Nanaki leaned against the foot of the cliff, crouched on the ground and reminisce over his time in the forest. He saw the two bear brothers in his mind: how restlessly they had always slept, though they were animals. Bazu, as he played in the stream. Rin, as he fell from the tree. As the two bears caught their first fish and devoured it in one bite. Nanaki laugh out loud, but at the same time he couldn’t hold back the tears.

“Farewell. Beast world. ”

Nanaki got up and headed east. After a while, he changed his mind and headed north.

* * *

Cid was in Rocket Town, feverishly working on the construction of a new airship. But when he spotted Nanaki covered with fresh scars, he convinced him to take time to let his wounds heal. Nanaki followed this advice, and watched with interest at the construction of the airship, which was close to completion, but was always careful not to get in the way. When Nanaki finally realized that he had spent almost two years in the forest with the two Nibel Bears, he couldn’t believe it at first. Cid also seemed to have lost all sense of time due to his work, because even he was surprised that it had already been two years since the last time they had seen eachother. He came to the realization that time must lost all meaning, if one lives a fulfilled life.

“Time must lose all meaning, if one lives a fulfilled life.”

Nanaki learned that Barret had also been here relatively recently. He would have liked to have seen him again. He was sure that he would have been greeted just as warmly by Barret as he was by Cid. As though everything happened just yesterday. One day the cheerful Cid invited Nanaki on a small test flight, now that the airship was practically finished. Nanaki accepted the invitation with pleasure.

“If it falls, that’ll be that. Don’t blame me for it, ya hear,” said Cid.

“That’ll be that. Not a bad saying”, thought Nanaki.

From the sky, it became apparent just how small the world really was. For Nanaki, who had traveled the world pretty much always on all fours, it was another big realization. He made a mental note to thank Cid for this memorable experience.
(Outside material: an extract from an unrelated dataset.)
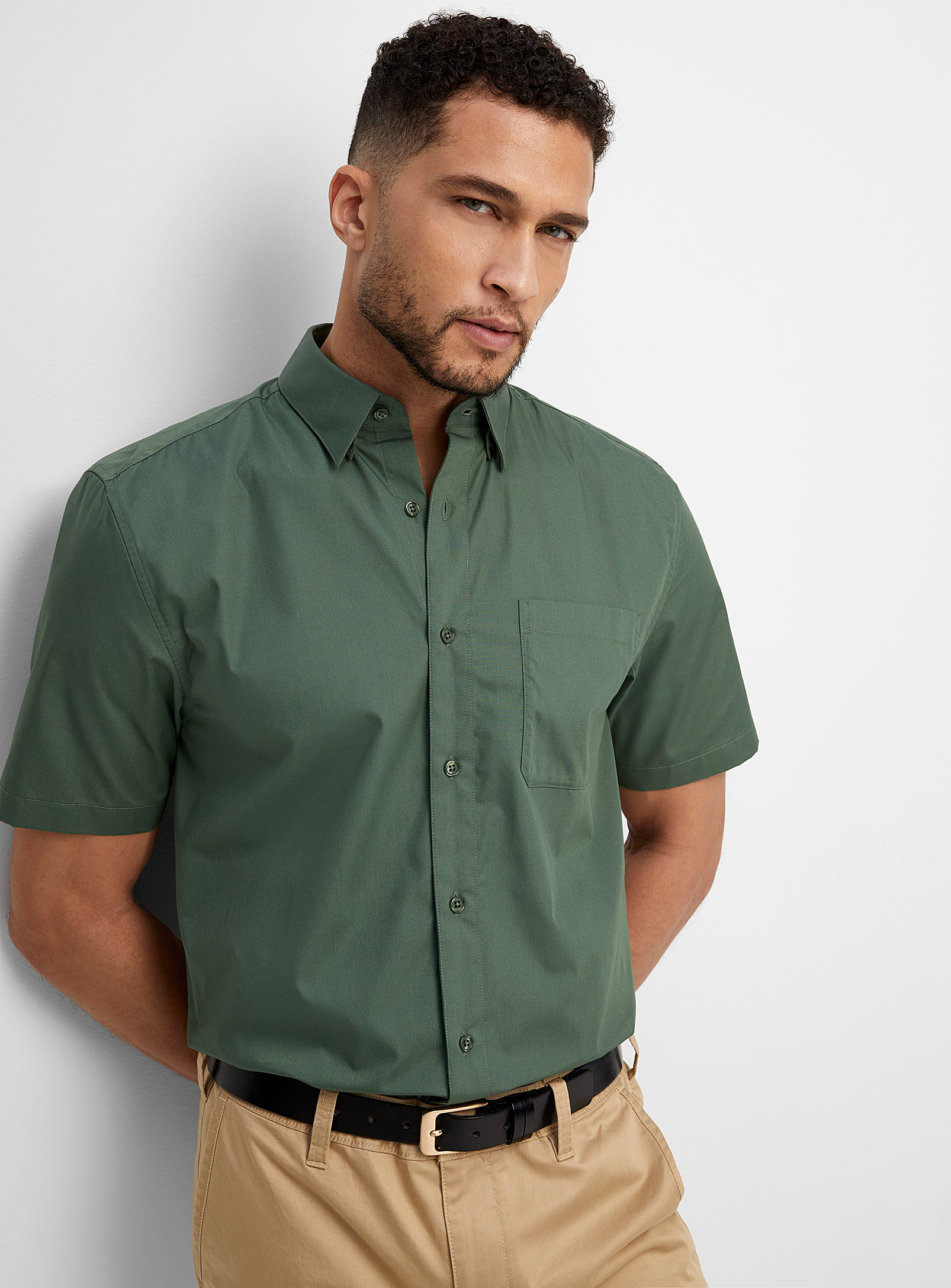 Le 31 Colourful Short-sleeve Poplin Shirt Modern Fit In Green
“I must thank Cid for giving me the chance to see the world from this point of view”, thought Nanaki.

“I will be spending several hundred years on this small world, perhaps even longer. There are still many facets of life, which I do not know. Much of which I have yet to see and learn.”
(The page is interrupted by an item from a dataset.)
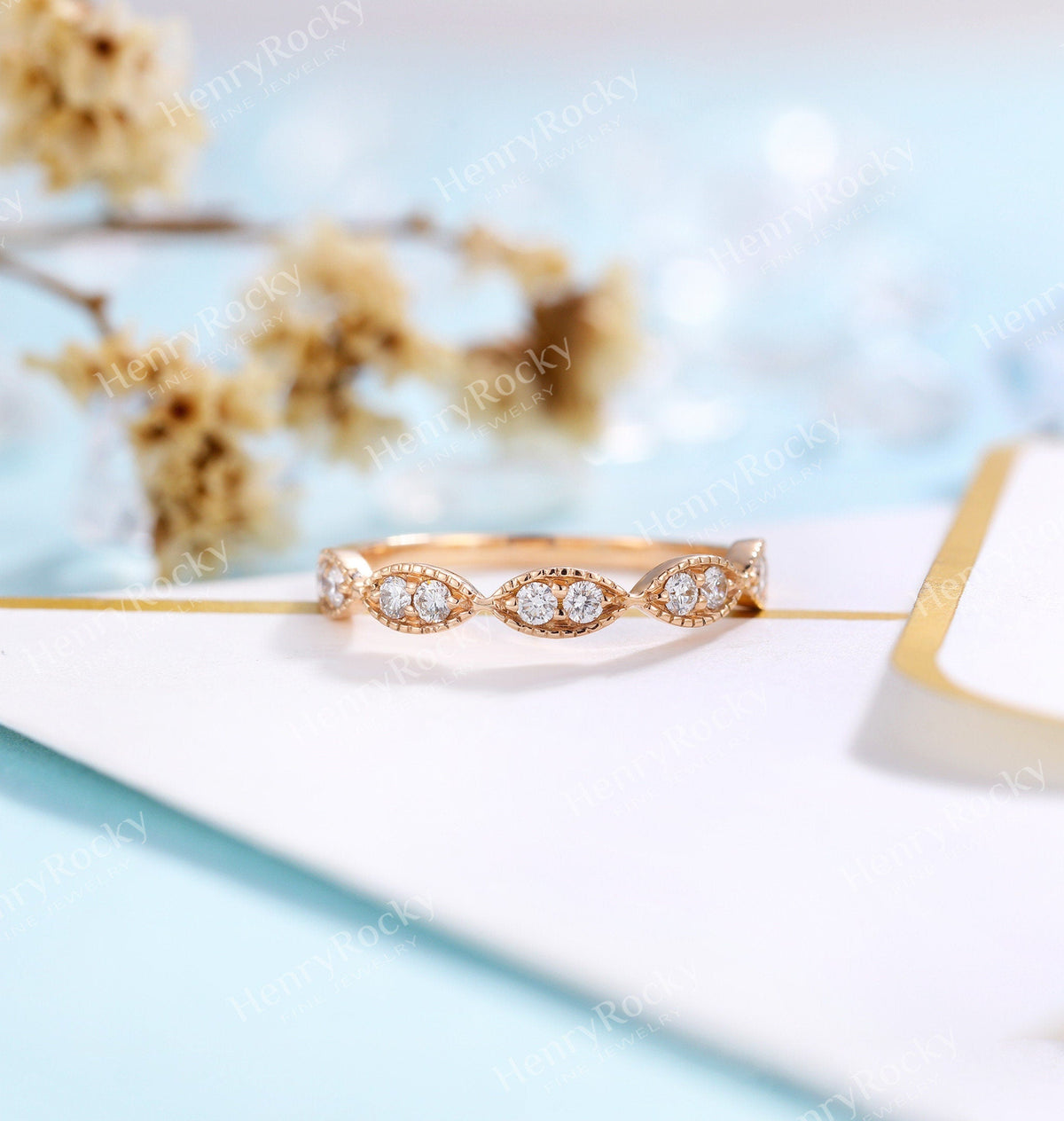 Diamond/Moissanite rose gold wedding band women | vintage milgrain stacking matching bridal jewelry | promise ring anniversary gift for her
Down on the ground, due to the seemingly infinite wilderness stretching in all directions, he might have lost sight of his goal. But he now knew that the world wasn’t quite as big as it seemed. And this knowledge alone gave him the courage to believe that maybe one day he would have seen and experienced everything.
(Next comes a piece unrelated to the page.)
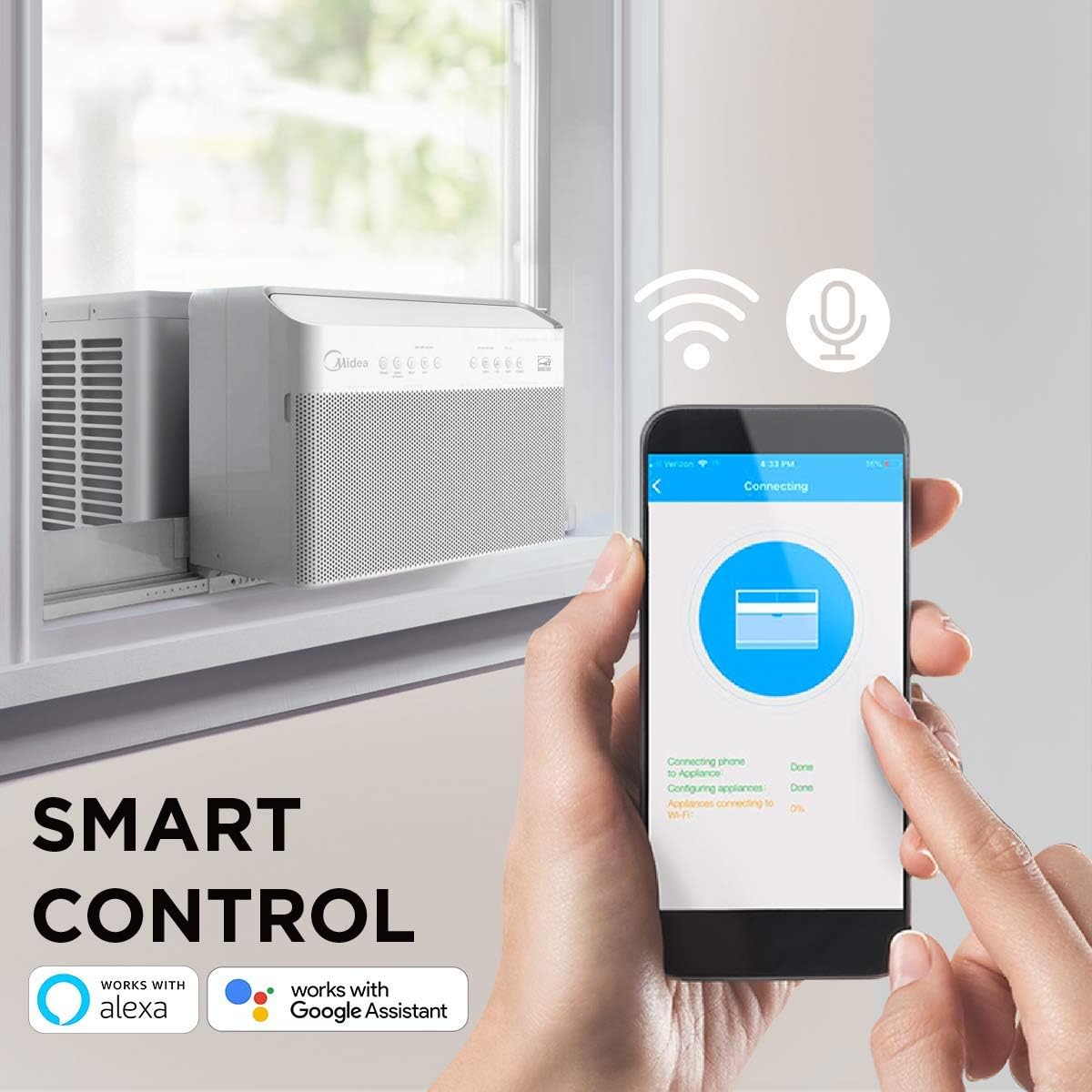 Aire Acondicionado de Ventana con Inversor en Forma de U Midea, 12,000 BTU, con Flexibilidad de Ventana Abierta, Instalación Robusta, Extremadamente Silencioso, Ahorro de Energía del 35%, Control Inteligente, Compatible con Alexa, Control Remoto, Sop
“The world is waiting for me.”

“What do you mean? Quit exaggerating— Huh? Hey, hey! Look over there— “

“What is it?”

“Look. It’s Yuffie. What the hell is she doing out here?”

Nanaki felt a quite guilty reuniting with Yuffie. After all, he had promised her during their farewell, to gather as much information as he could about the Midgar disease, but really, the subject hadn’t occupied him much at all. To hide his feelings of guilt, he tried to act cheerful, excited even. Soon, Cid flew off, leaving Nanaki alone with Yuffie. Yuffie said in her usual, unique way, that he should accompany her on her search for Materia. However, Nanaki’s opinion hadn’t changed since their last meeting. Back then, he was mad at Yuffie’s friend Yuri, and told her out of spite, that the materia she was searching for didn’t exist. But he felt a little different about it now, he was now even more convinced that there was no Materia to cure the Midgar disease – or “Geostigma” as he had learned it was called back in Rocket Town –

During his time in the forest, Yuffie had been searching in vain for such materia, and that was proof enough for him. Just because he had such a trust in Yuffie’s abilities, he thought in such a way. But when he told her this, she looked at him with sadness in her eyes.

If Yuffie had been searching during all that time he was in the forest, and never found any cure, then it really doesn’t exist. When he told Yuffie that’s what he believed, she looked at him with a sad face.

“I’m sorry. Of course I’ll help you look,” promised Nanaki.